Sunday, June 26, 2011

In defence of traditional marriage

This week, I have been too busy to write further about the encounter between Jesus and the Samarian woman at the well (John 4:1-42), but the topic hasn't left me yet, and I hope to return next week.

One line of thought that I might consider further is how Jesus reacts to the woman, who appears to be in a highly undesirable domestic union; she has had five husbands and the man she was presently with was not her husband (John 4:18). Interestingly, Jesus knows all about her circumstances, but does not give her a lecture on morality. Does this tell us something about Jesus' views on marriage?

I have no doubt that Jesus (like his Jewish contemporaries) had what we would regard as a highly conservative view on marriage and sexual morality. So, why does he not rebuke the woman for her immorality? The answer, I believe, is that he is saying to the woman that her sins are not what define her, and neither do her "marriages". He offers her a fresh start, and I believe she takes it (I'll explain how and why in a subsequent post).

Does this weaken the argument to preserve the traditional view that marriage is an exclusive, intimate union between a man and woman? To put it bluntly, does Jesus even care about marriage? Yes, I believe he does, but he puts it where it belongs, in the created order, which would make little sense if it were to be divorced from its creator. Marriage is important, but like all creatures, it is only important and meaningful because of it's relationship with the creator (see Matt 6:33). That's why the focus in John 4:1-42 is not on marriage, but the relationship between the woman and Jesus.

Of course, it's impossible to address the subject of marriage without also addressing the current controversy on changing legal definitions of marriage to include same-sex partnerships. Despite the enthusiasm of the media (particularly British and Australian TV - I can't comment on American TV) in promoting same sex marriage, there are good reasons to defend the institution of marriage as an exclusive, intimate and publicly affirmed union between one man and one woman. I worry that those who wish to retain this traditional view may be increasingly marginalized and silenced by (unfounded) claims of bigotry and prejudice. I don't wish to argue the case here and now, but I do recommend a reasoned paper for those who might be interested further here, http://www.nswchurches.org/Resources/Papers/Revising_Marriage_pastors.pdf

Friday, June 17, 2011

John 4:1-42 Jesus and the Samaritan Woman Part 3

As in previous weeks (4th June and 11th June), I’m continuing in my preparations for preaching on John 4:1-42 in August by blogging my thoughts and finding what, if any, generate the most interest.

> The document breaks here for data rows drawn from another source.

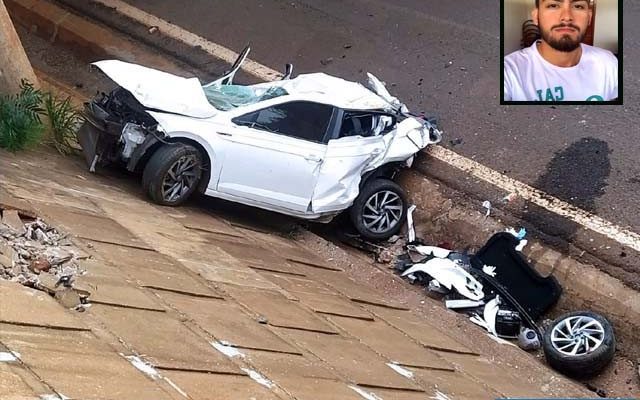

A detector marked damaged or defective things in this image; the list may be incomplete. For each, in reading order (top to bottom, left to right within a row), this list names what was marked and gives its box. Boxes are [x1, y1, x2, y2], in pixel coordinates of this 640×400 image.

crumpled car hood [92, 59, 218, 119]
shattered windshield [202, 83, 288, 110]
broken car bodywork [77, 46, 442, 225]
wrecked white car [77, 47, 442, 241]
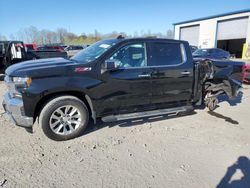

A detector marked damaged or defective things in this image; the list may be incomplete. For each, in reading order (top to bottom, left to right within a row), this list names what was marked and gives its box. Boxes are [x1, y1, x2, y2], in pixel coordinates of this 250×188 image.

crumpled hood [5, 57, 75, 77]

The issue that’s been on my mind this week is the apparent paradox of the unnamed Samaritan woman in the story. The paradox is this; she’s an outcast in her home town, but it’s her testimony that persuades her neighbors to faith in Christ, which can hardly be expected of someone with no credibility in her own community.

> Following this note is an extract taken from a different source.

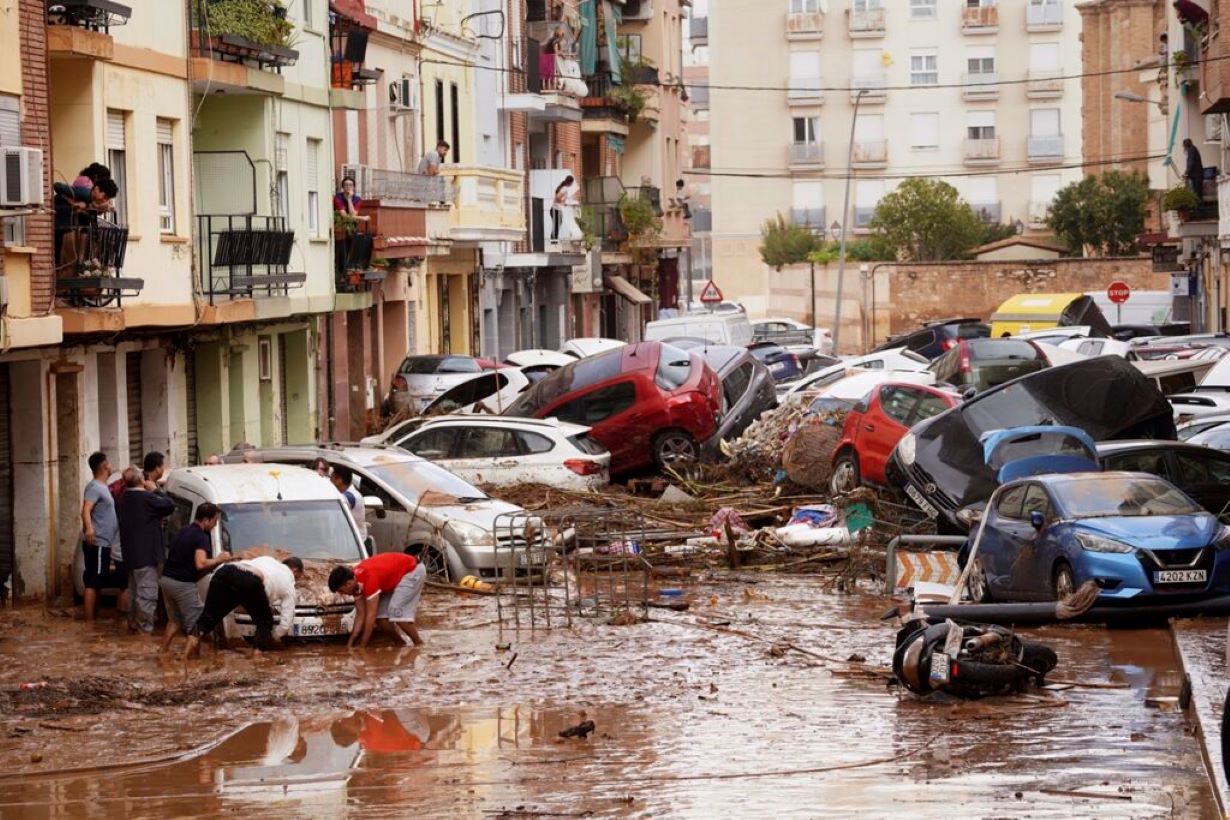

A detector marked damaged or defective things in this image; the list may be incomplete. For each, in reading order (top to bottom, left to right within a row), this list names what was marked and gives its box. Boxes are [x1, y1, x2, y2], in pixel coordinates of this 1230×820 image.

I believe that the paradox can be resolved by considering the situation from the perspective of the author (John). That might sound like a trite thing for me to say, but too often we rush into trying to understand scripture from our own perspective, rather than respecting the perspective of the people who first wrote it down.

An outcast in her home town


John’s Gospel is full of apparently incidental details, which support the veracity of his account. In verse 4:6, John notes that it was about noon that Jesus sat down at the well, at which time the Samaritan woman came to draw water (4:7).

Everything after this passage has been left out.